[EXERCISE OBJECTIVE] Output only the lines below from the one holding "We also saw" down to the one holding "Step 4: Reopen", both end lines included and every picture dropped.

[DATA SUPPLIED]
════

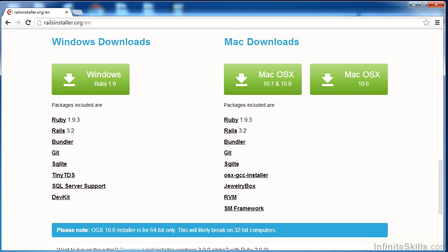Despite what it says, as you can see there, Rails 3.2, you'll be able to work with Rails 4, which is what we're using. In this case for me, the Windows version.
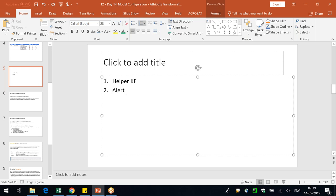We also saw an alert key figure and a snapshot key figure. You don't create an explicit snapshot key figure — an operator automatically creates it. If you want to take six snapshots on a source key figure, the system will automatically create six different snapshot key figures, and you can go and change their names based on the suffix config you provided.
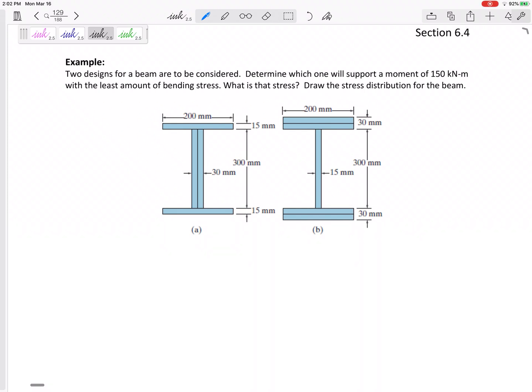Let's look at this next problem. Two designs for a beam are to be considered to determine which one will support a moment of 150 kilonewton meters with the least amount of bending stress. We have two different shapes — let's find the bending stress for each of those.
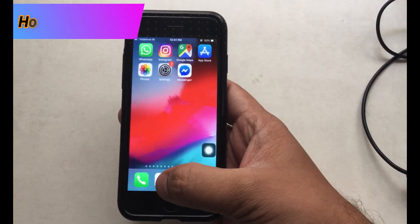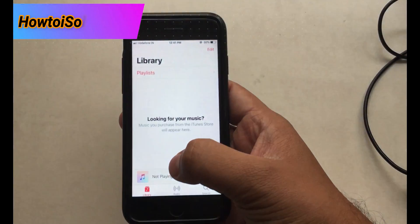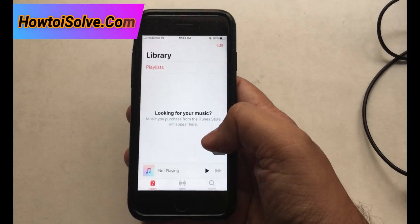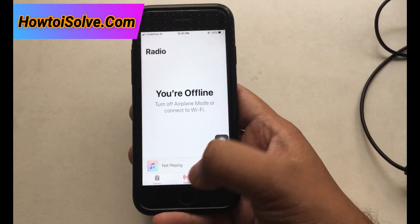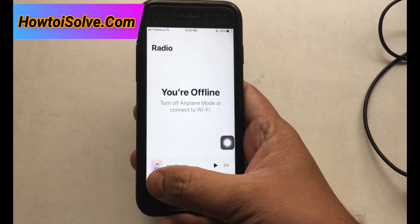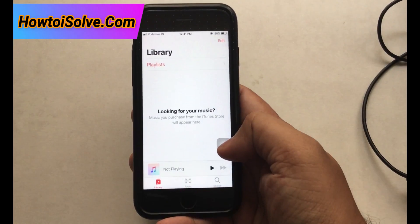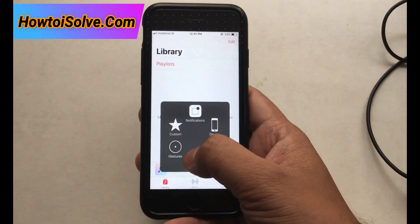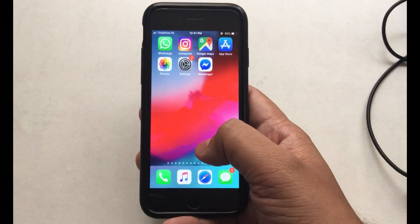Step 4: Reopen the Music app. You can notice that a tab is missing, and that is the Apple Music tab. Enjoy your music all the time.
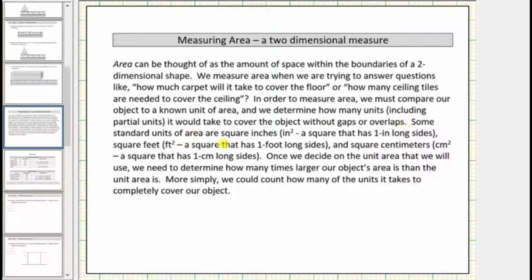Some standard units of area are square inches — one square inch is a square that has one-inch-long sides — square feet — one square foot is a square that has one-foot-long sides — and square centimeters, where one square centimeter is a square that has one-centimeter-long sides.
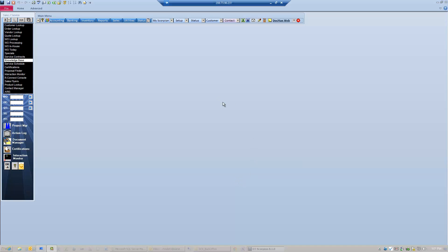Scorpion PSA Training: How to Create Knowledge Base Articles. In Scorpion 8.02, you can create knowledge base articles for technical support purposes.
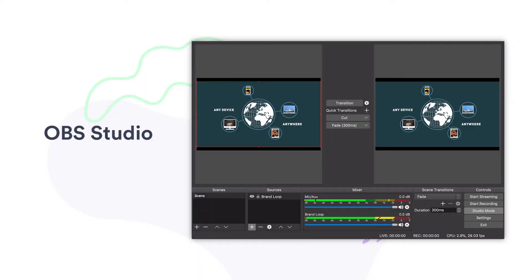Next up is OBS Studio. This screen recording tool is best suited for long screen recordings and creating gaming videos. You can also stream live footage to YouTube, or if you're a marketer in the gaming world, Twitch. It's free and has unlimited length to videos.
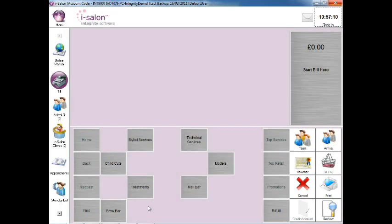To locate or target specific groups or types of clients within your salon, you'll need to be in the Marketing module.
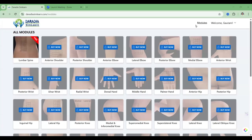Hi, I am Dr. Gautam Dash. I am going to demonstrate how to use this Ultrasound Simulator, the Dharadhyaya Simlearn Ultrasound Simulator.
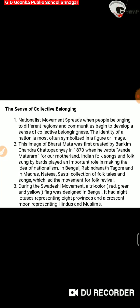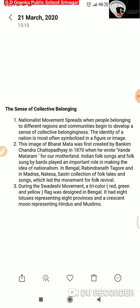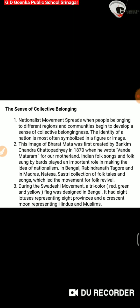Point number two: The image of Bharat Mata was first created by Bankim Chandra Chattopadhyay in 1870 when he wrote Vande Mataram for our motherland. Indian folk songs sung by bards played an important role in making the idea of nationalism.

════

[REPLY TO THE EXERCISE]
We also saw an alert key figure and a snapshot key figure. You don't create an explicit snapshot key figure — an operator automatically creates it. If you want to take six snapshots on a source key figure, the system will automatically create six different snapshot key figures, and you can go and change their names based on the suffix config you provided.
Let's look at this next problem. Two designs for a beam are to be considered to determine which one will support a moment of 150 kilonewton meters with the least amount of bending stress. We have two different shapes — let's find the bending stress for each of those.
Step 4: Reopen the Music app. You can notice that a tab is missing, and that is the Apple Music tab. Enjoy your music all the time.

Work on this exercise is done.